Mutisme - diagnostiek

Om de diagnose mutisme te stellen, gaat u naar een logopedist en een psycholoog/psychiater die de definitieve diagnose zal stellen.

Mutisme - behandeling

Behandeling voor mutisme moet zo snel mogelijk worden gestart voordat het permanent wordt. Het gaat om ontmoetingen met een psychotherapeut. Hij maakt gebruik van gedragstherapie die gericht is op zowel het absorberen van nieuw gedrag als het verwijderen van vaststaand gedrag dat ongunstig is, en/of psychodynamische therapie (de therapeut probeert de problemen die in het onbewuste van de patiënt liggen te bereiken).

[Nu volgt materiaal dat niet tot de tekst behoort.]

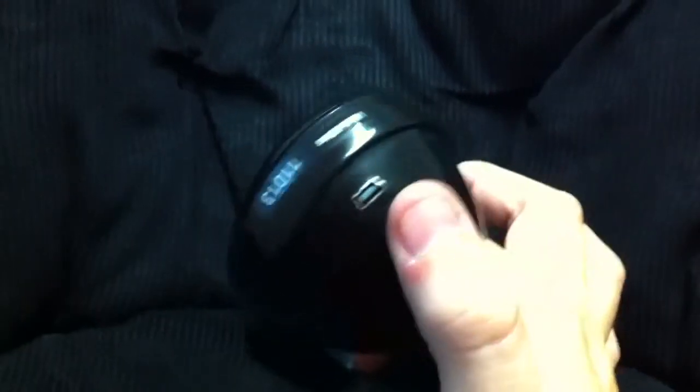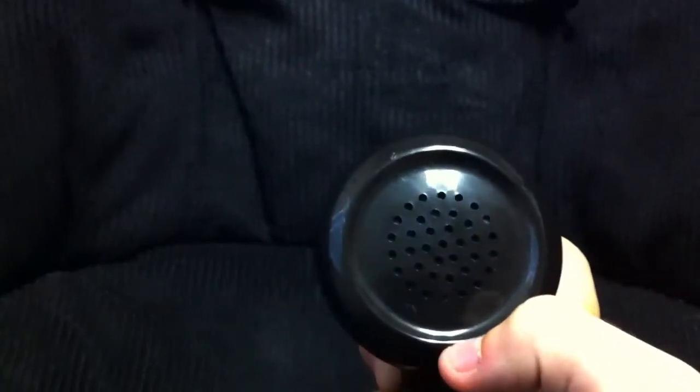Once you fully charge it — which takes like four hours, it takes forever to charge the first time — you just hold that button down. There's a blue light right there that should blink three times, and then it'll be discoverable. Go to your Bluetooth settings and pair it.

Het is ook belangrijk om het milieu in relatie tot het kind te behouden. Het personeel van de kleuterschool en de school moet het kind bijvoorbeeld helpen relaties met andere kinderen op te bouwen en sympathieke opmerkingen naar het kind sturen om ze meer zelfvertrouwen te geven. U kunt uw kind ook geleidelijk aan stimuleren om te praten door te spelen (bijvoorbeeld op een dove telefoon). Ademhalingsspelletjes, zoals zeepbellen blazen, kunnen ook nuttig zijn.